=== THE DATA ===
Segment Open

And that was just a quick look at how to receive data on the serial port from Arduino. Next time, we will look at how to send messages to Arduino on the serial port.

Segment Closed
Segment Open

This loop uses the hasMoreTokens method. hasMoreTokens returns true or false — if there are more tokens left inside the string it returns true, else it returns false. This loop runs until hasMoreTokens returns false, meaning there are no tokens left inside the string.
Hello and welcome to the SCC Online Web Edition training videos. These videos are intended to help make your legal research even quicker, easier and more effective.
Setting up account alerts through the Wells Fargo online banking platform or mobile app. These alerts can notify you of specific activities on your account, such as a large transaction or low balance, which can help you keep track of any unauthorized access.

Segment Closed

=== TASK BRIEF ===
Using the material above, gather every line that includes "your".

=== OUTPUT BELOW ===
Hello and welcome to the SCC Online Web Edition training videos. These videos are intended to help make your legal research even quicker, easier and more effective.
Setting up account alerts through the Wells Fargo online banking platform or mobile app. These alerts can notify you of specific activities on your account, such as a large transaction or low balance, which can help you keep track of any unauthorized access.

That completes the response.